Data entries
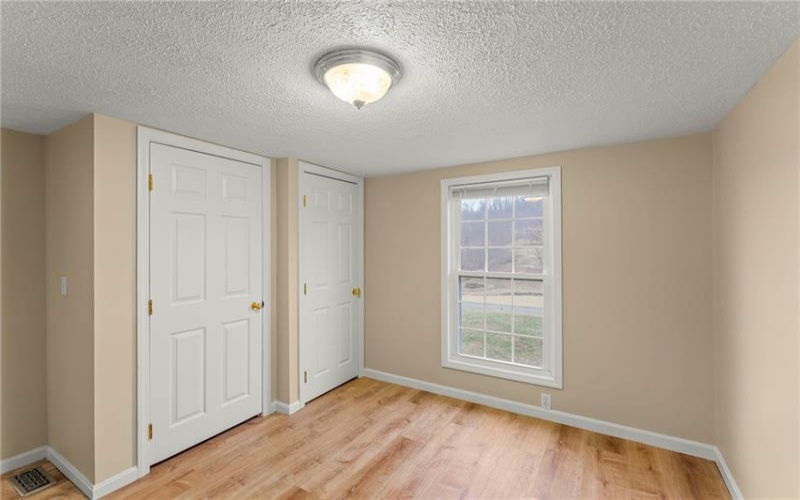 297 Rainey Rd, Eighty Four, 15330, 3 Bedrooms Bedrooms, 7 Rooms Rooms,2 BathroomsBathrooms,Residential,For Sale,Rainey Rd,1698975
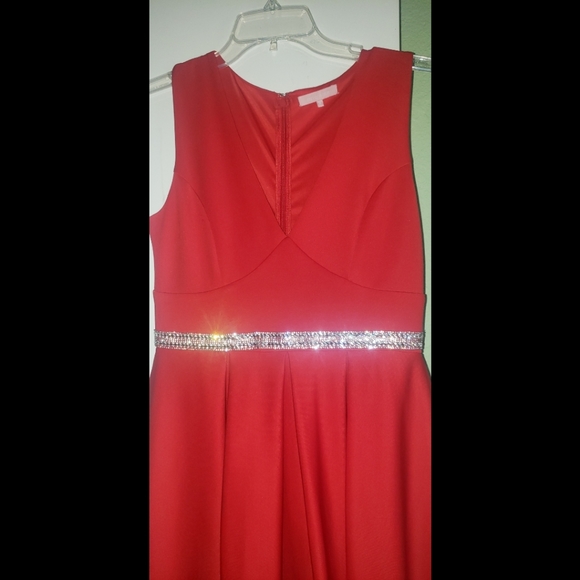 Dress - Picture 2 of 5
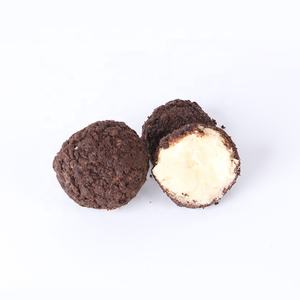 Erdbeer-Joghurt-Geschmack Sandwich-Creme Gefüllte Schokoladen-Keksball-Snacks Eier muster Feste Form mit Keks-Zutaten - Product Image 2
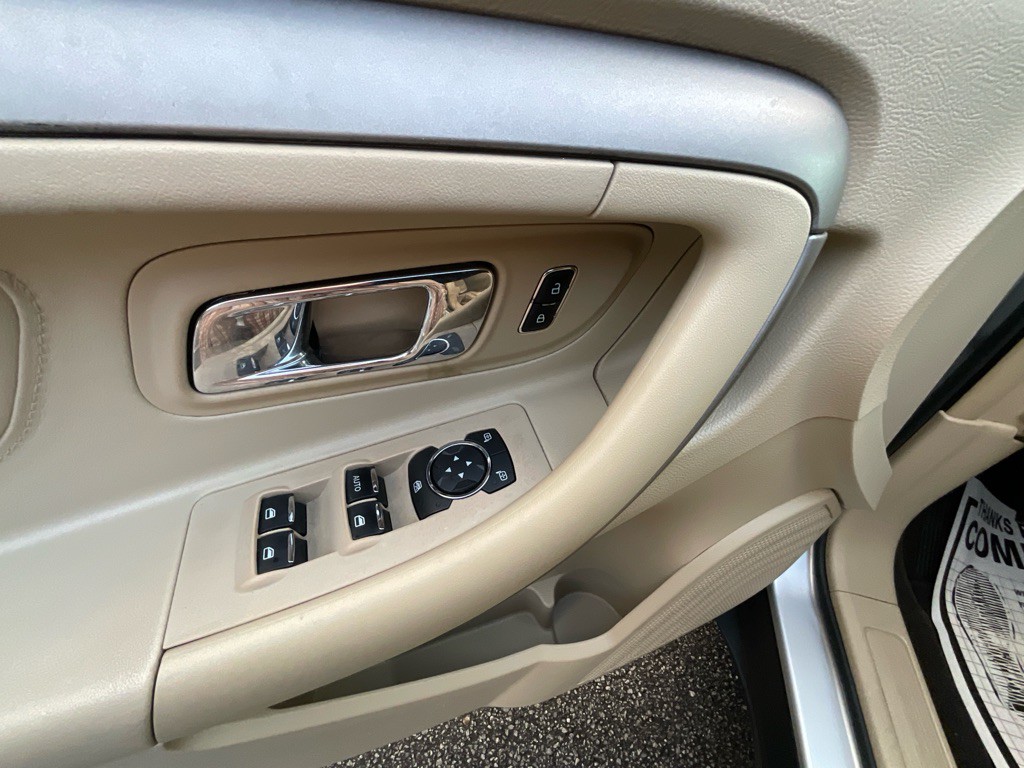 2013 Ford Taurus Image 38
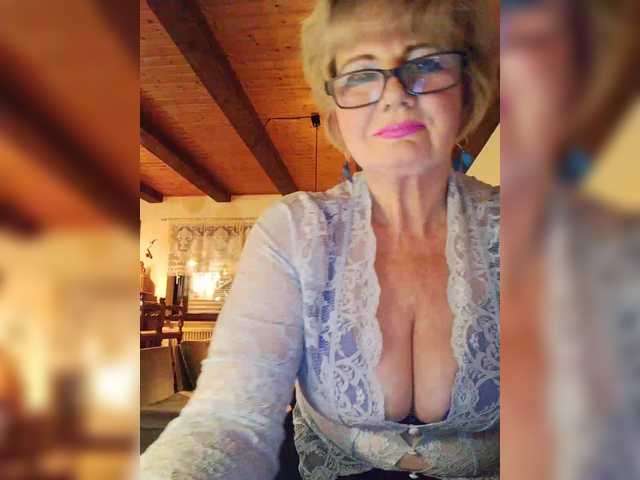 KASANDRABOLOSHKA's BongaCams show and profile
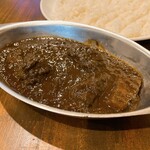 中華 大島 - 【2023年12月】シャヒジャルカレー＠1,050円（辛さ1.5：デフォルト）、カレーのアップ。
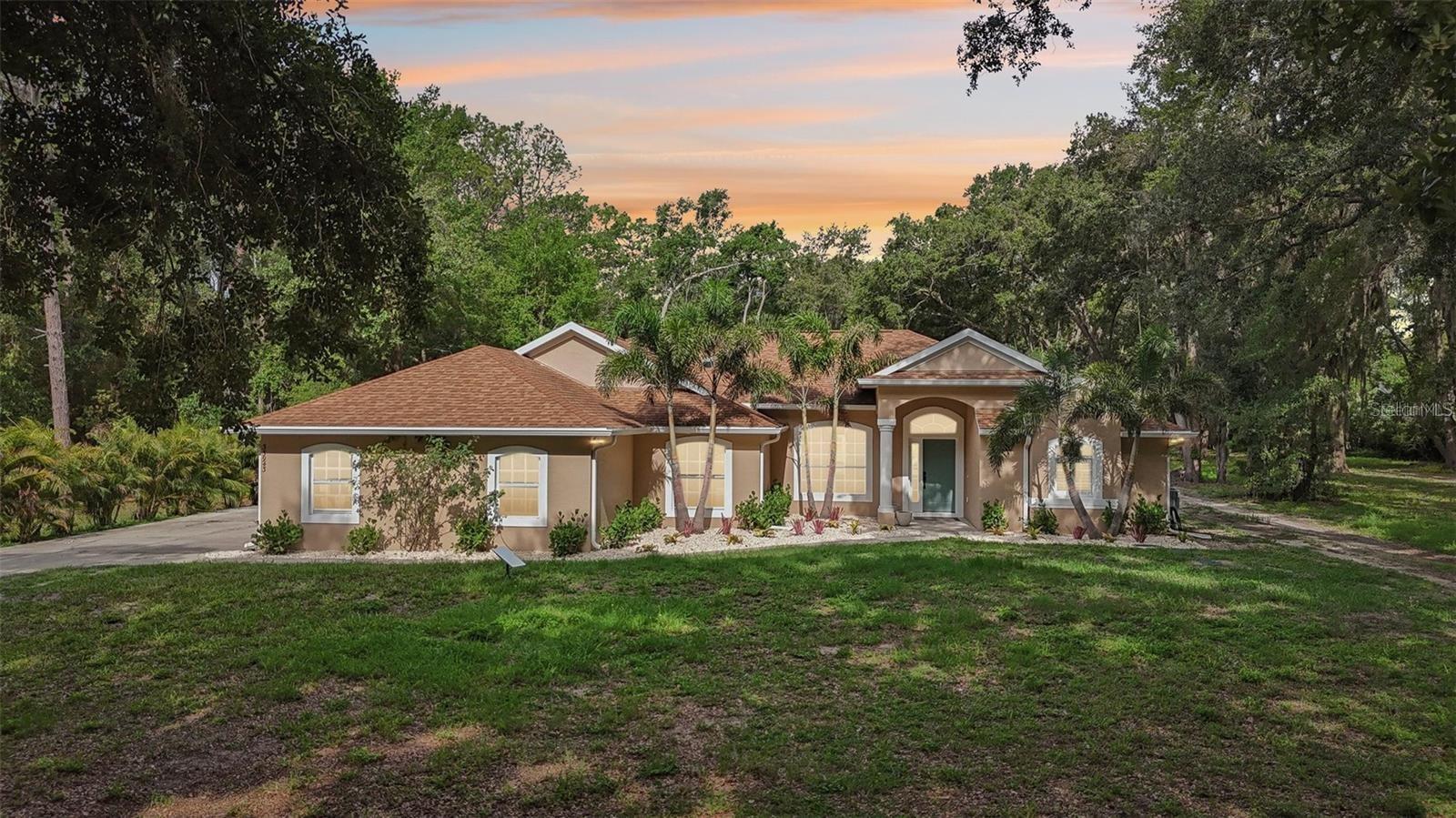 Image 4 of 39 For 33943 Lake Joanna Drive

### WORK INSTRUCTION
The entries above should be written out in full, and any picture in them left out.

### EXERCISE ANSWER
 297 Rainey Rd, Eighty Four, 15330, 3 Bedrooms Bedrooms, 7 Rooms Rooms,2 BathroomsBathrooms,Residential,For Sale,Rainey Rd,1698975
 Dress - Picture 2 of 5
 Erdbeer-Joghurt-Geschmack Sandwich-Creme Gefüllte Schokoladen-Keksball-Snacks Eier muster Feste Form mit Keks-Zutaten - Product Image 2
 2013 Ford Taurus Image 38
 KASANDRABOLOSHKA's BongaCams show and profile
 中華 大島 - 【2023年12月】シャヒジャルカレー＠1,050円（辛さ1.5：デフォルト）、カレーのアップ。
 Image 4 of 39 For 33943 Lake Joanna Drive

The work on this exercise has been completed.